*** Begin section ***

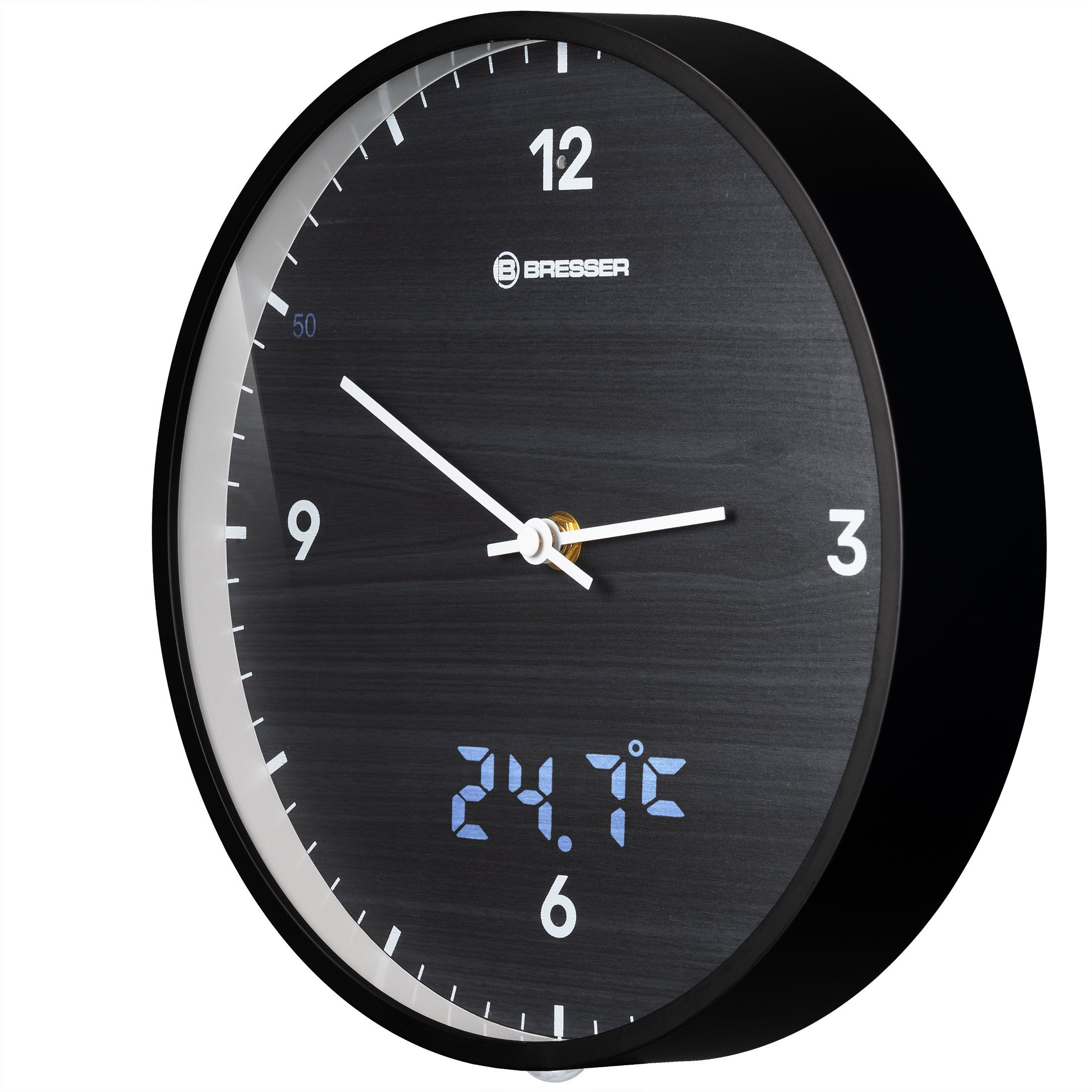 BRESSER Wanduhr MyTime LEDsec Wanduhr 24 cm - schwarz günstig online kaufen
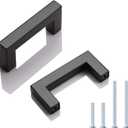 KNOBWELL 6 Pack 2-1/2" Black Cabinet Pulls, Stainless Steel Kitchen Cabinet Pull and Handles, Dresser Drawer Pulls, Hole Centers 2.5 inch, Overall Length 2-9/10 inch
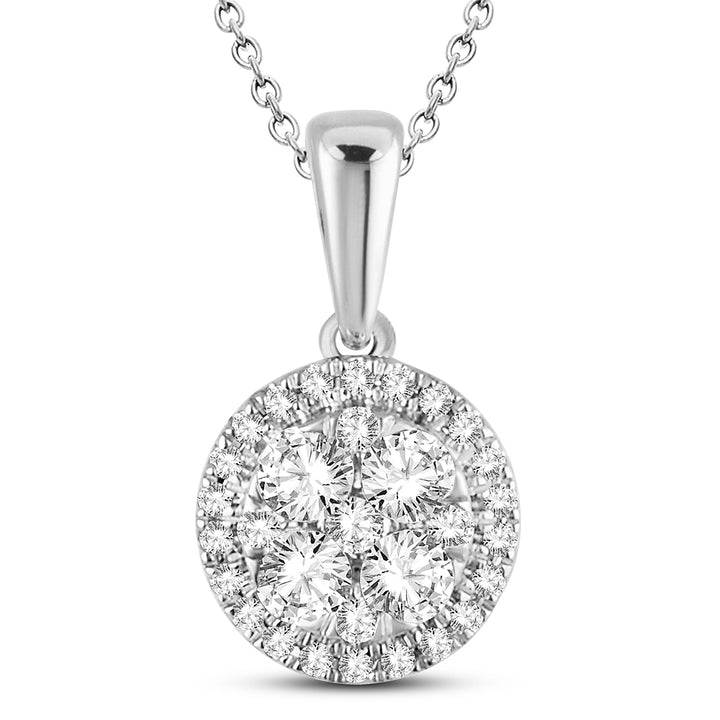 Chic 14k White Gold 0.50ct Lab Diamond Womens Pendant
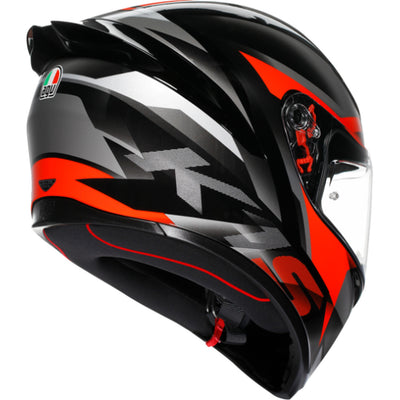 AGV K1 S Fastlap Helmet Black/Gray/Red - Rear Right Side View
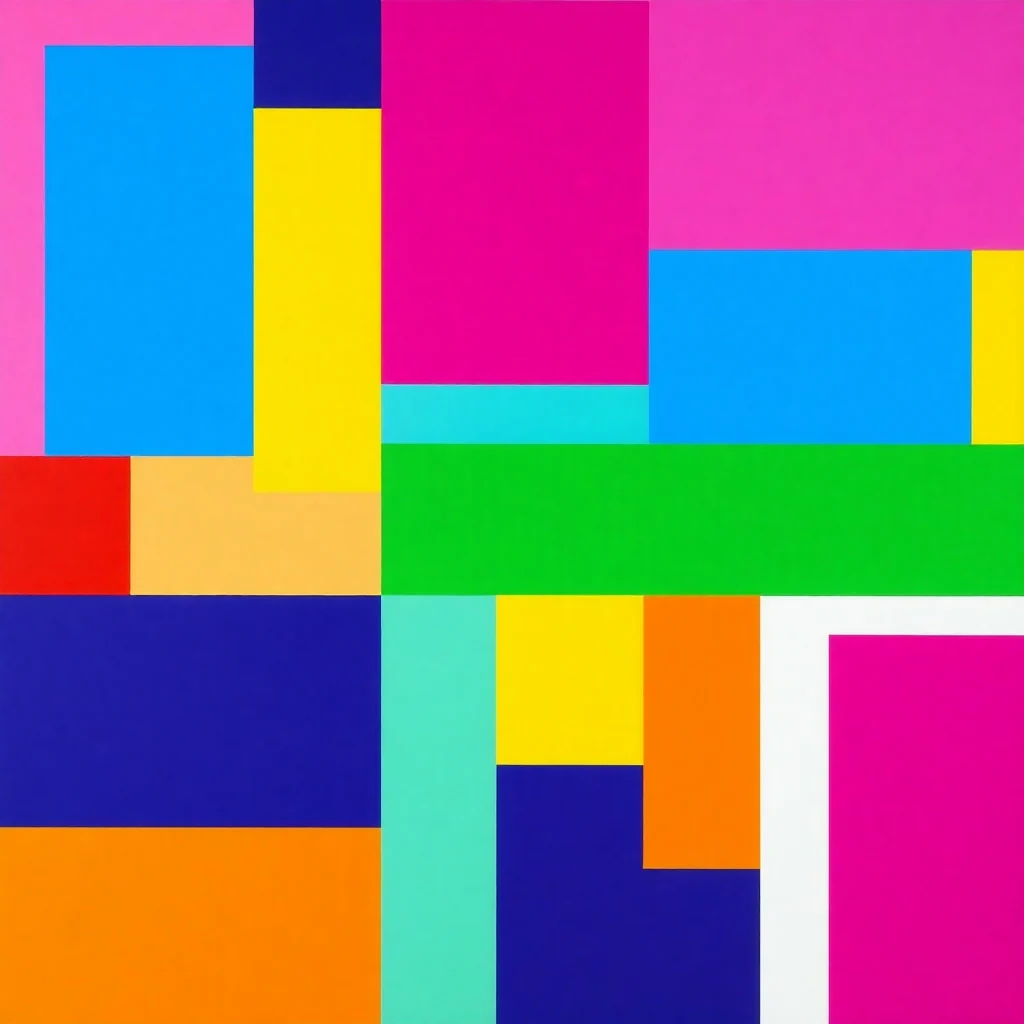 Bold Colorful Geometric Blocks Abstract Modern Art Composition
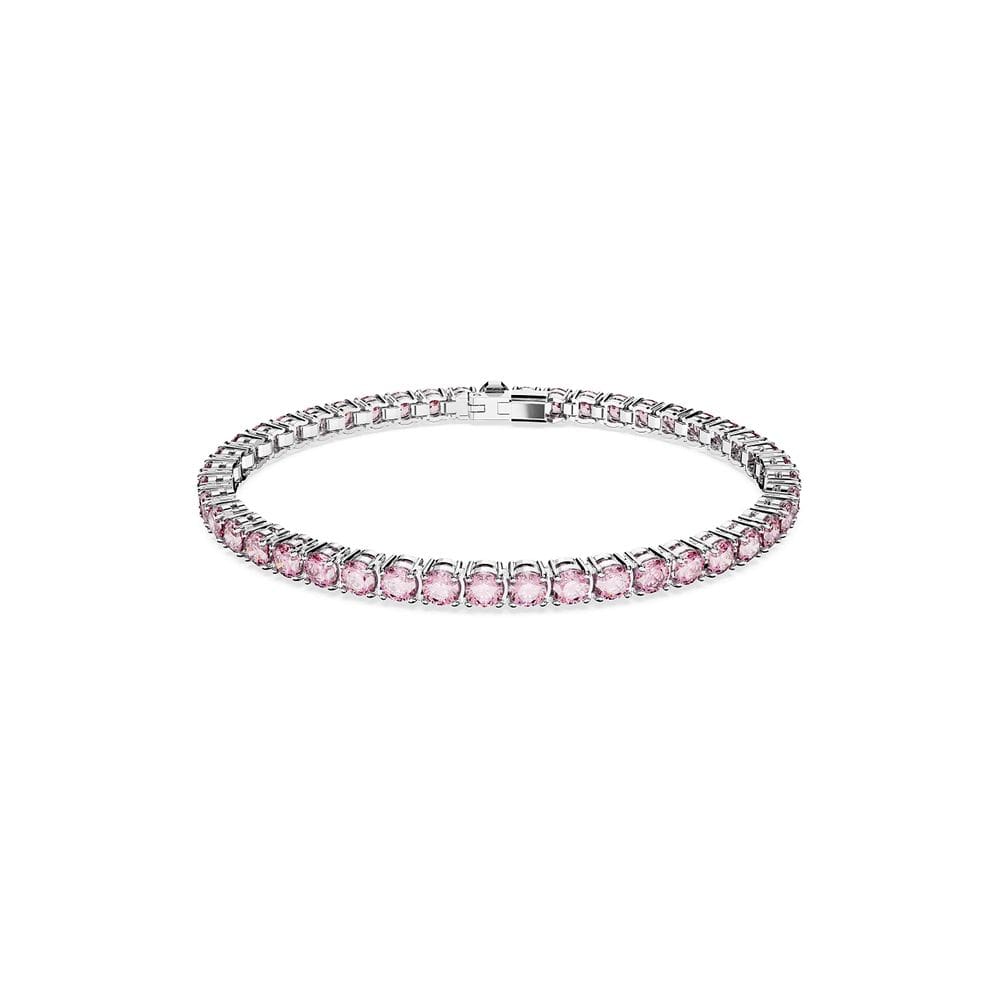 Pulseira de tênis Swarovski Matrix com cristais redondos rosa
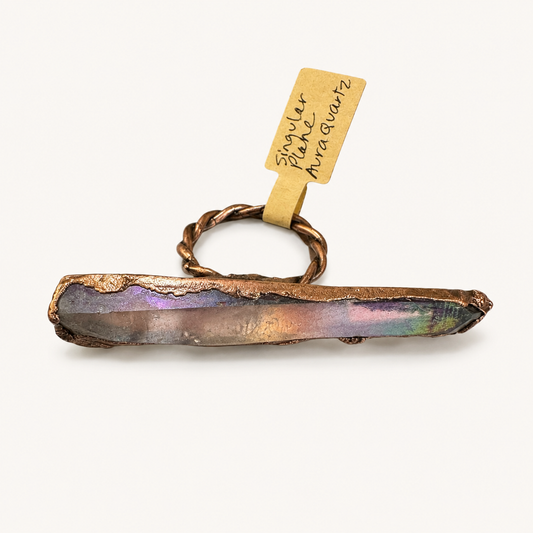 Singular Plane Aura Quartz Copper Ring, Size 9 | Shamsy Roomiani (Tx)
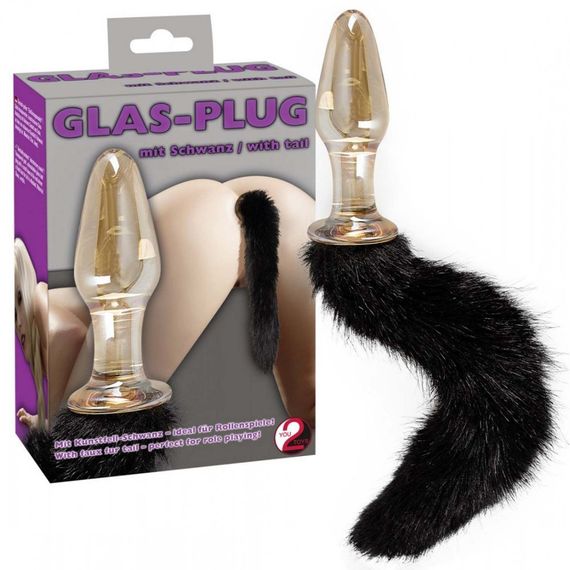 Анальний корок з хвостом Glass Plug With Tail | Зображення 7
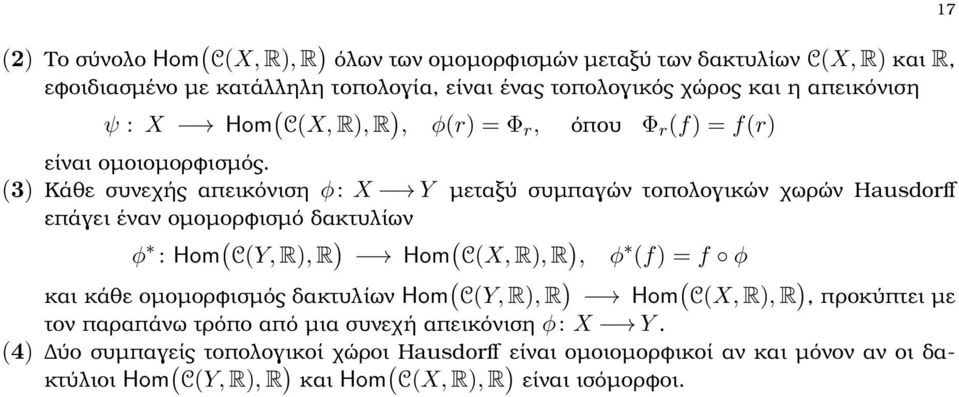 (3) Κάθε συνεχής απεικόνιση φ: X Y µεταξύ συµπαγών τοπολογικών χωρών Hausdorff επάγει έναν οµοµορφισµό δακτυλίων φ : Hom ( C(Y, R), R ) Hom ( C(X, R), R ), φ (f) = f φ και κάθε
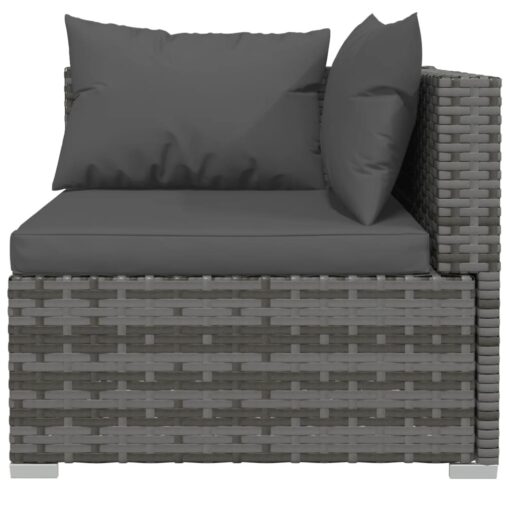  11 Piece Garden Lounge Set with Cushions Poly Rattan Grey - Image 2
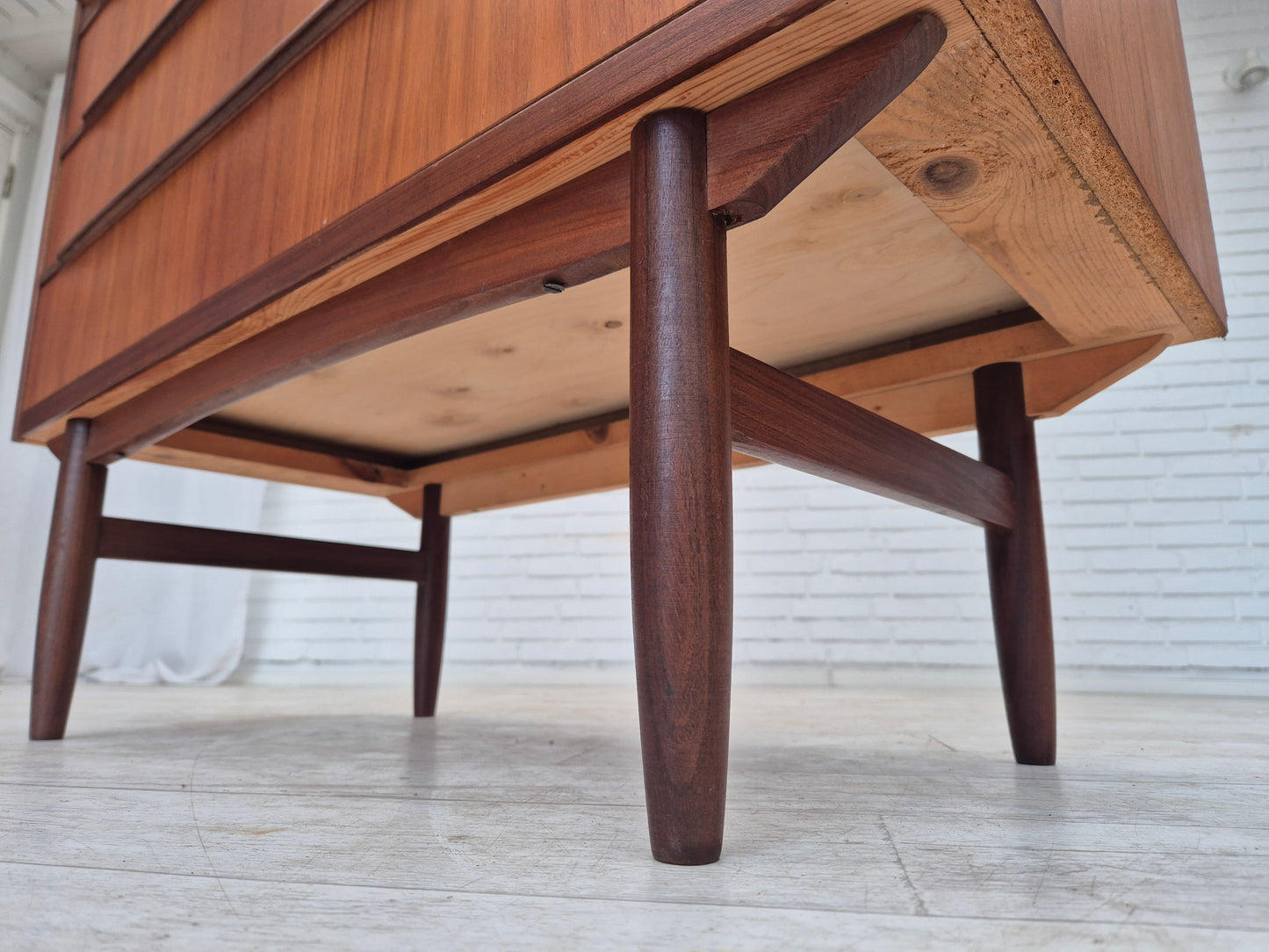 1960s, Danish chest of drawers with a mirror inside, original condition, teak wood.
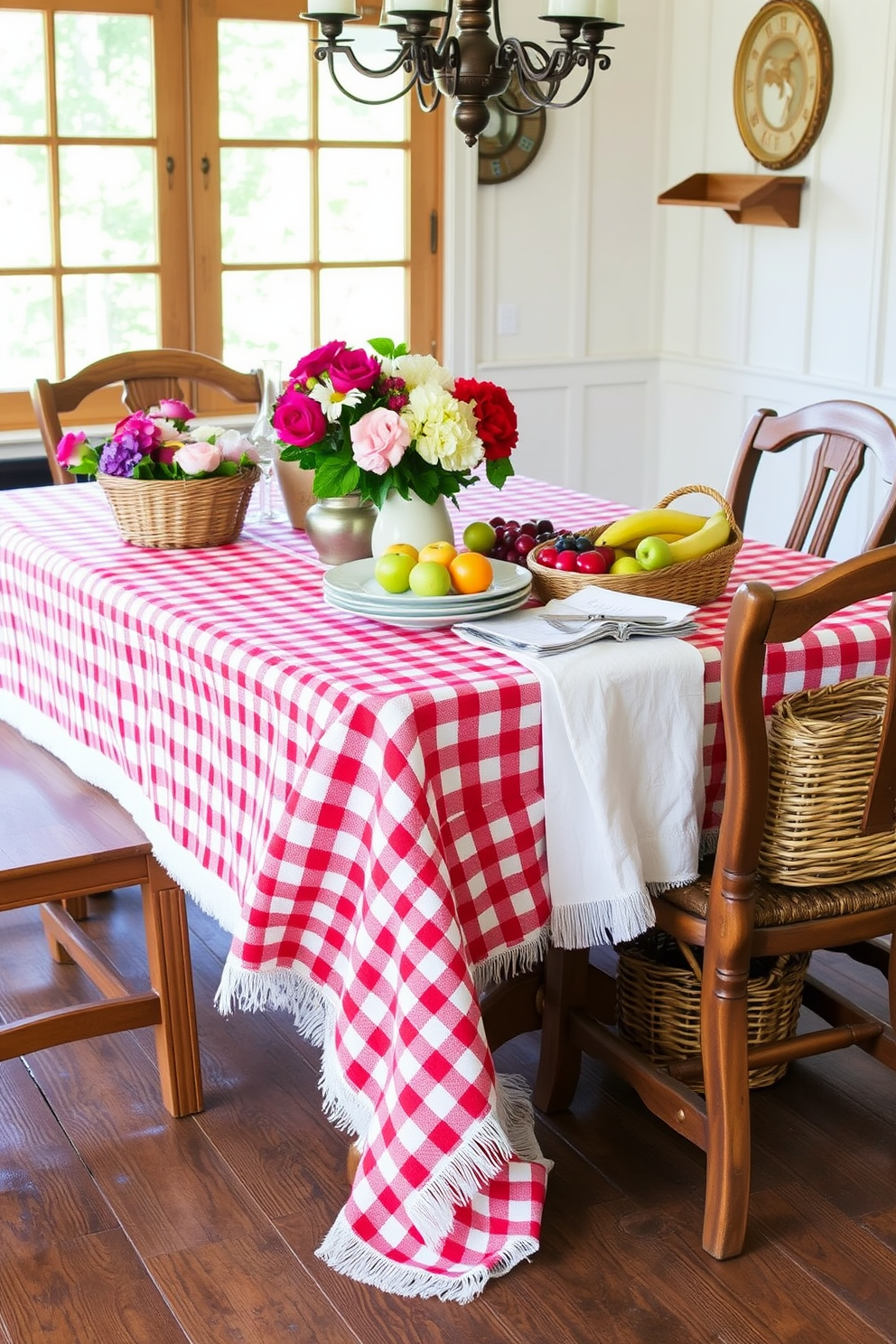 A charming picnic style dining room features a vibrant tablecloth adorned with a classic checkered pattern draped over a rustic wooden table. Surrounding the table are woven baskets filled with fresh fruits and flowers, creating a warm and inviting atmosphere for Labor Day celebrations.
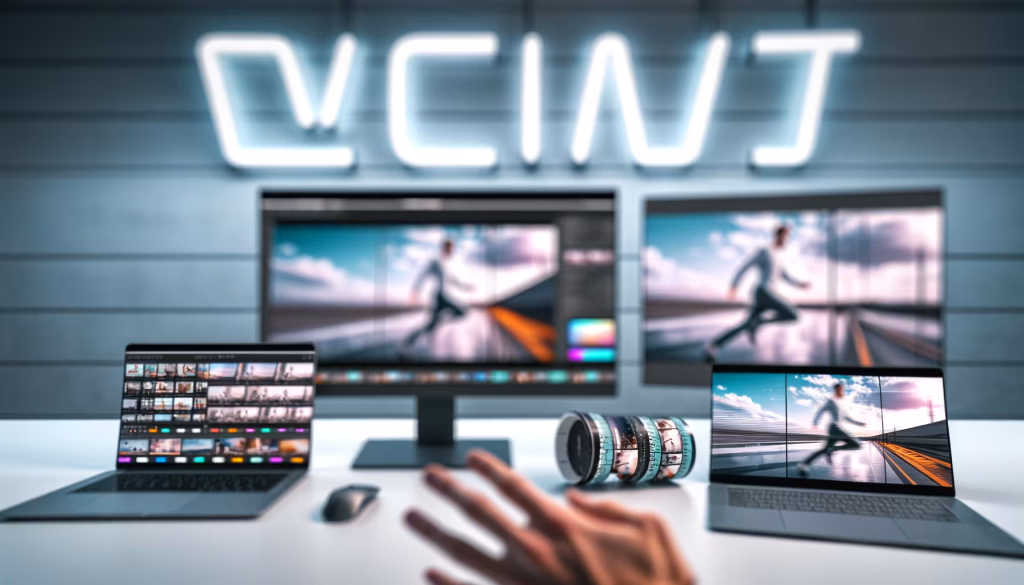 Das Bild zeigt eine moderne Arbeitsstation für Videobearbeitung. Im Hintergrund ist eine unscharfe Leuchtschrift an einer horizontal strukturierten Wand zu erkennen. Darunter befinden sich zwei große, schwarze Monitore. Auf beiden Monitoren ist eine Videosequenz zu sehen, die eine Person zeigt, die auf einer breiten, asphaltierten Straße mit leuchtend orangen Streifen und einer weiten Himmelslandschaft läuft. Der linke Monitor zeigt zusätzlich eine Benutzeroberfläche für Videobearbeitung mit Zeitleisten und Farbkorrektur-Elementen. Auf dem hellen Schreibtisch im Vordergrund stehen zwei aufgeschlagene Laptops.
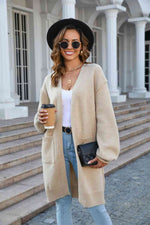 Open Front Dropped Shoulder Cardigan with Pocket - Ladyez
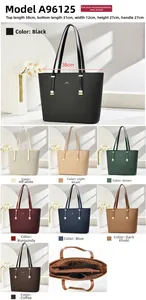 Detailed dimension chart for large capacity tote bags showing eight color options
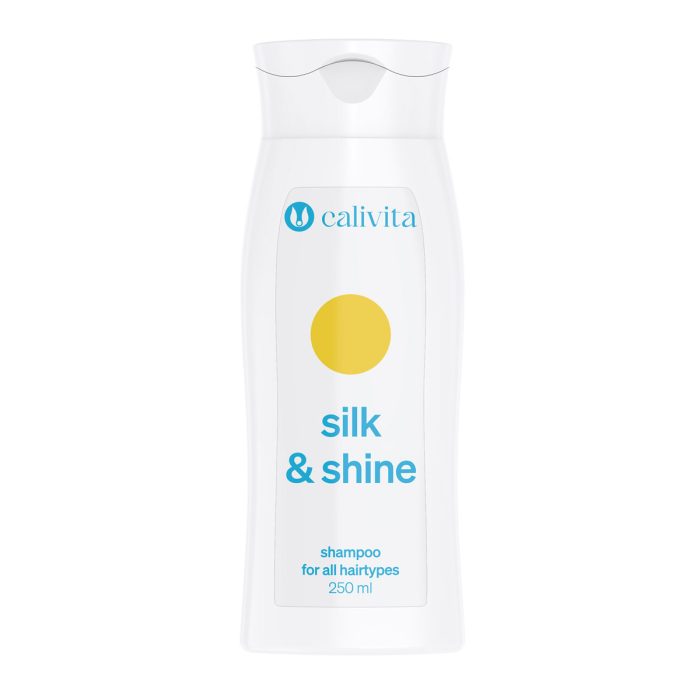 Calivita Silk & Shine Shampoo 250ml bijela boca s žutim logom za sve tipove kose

*** End section ***

What needs to be done >> Only the lines starting at the one that includes "Bold Colorful Geometric" and ending at the one that includes "1960s, Danish chest" should be retyped, exactly, from the records above; no pictures.

Answer area >>
 Bold Colorful Geometric Blocks Abstract Modern Art Composition
 Pulseira de tênis Swarovski Matrix com cristais redondos rosa
 Singular Plane Aura Quartz Copper Ring, Size 9 | Shamsy Roomiani (Tx)
 Анальний корок з хвостом Glass Plug With Tail | Зображення 7
 (3) Κάθε συνεχής απεικόνιση φ: X Y µεταξύ συµπαγών τοπολογικών χωρών Hausdorff επάγει έναν οµοµορφισµό δακτυλίων φ : Hom ( C(Y, R), R ) Hom ( C(X, R), R ), φ (f) = f φ και κάθε
  11 Piece Garden Lounge Set with Cushions Poly Rattan Grey - Image 2
 1960s, Danish chest of drawers with a mirror inside, original condition, teak wood.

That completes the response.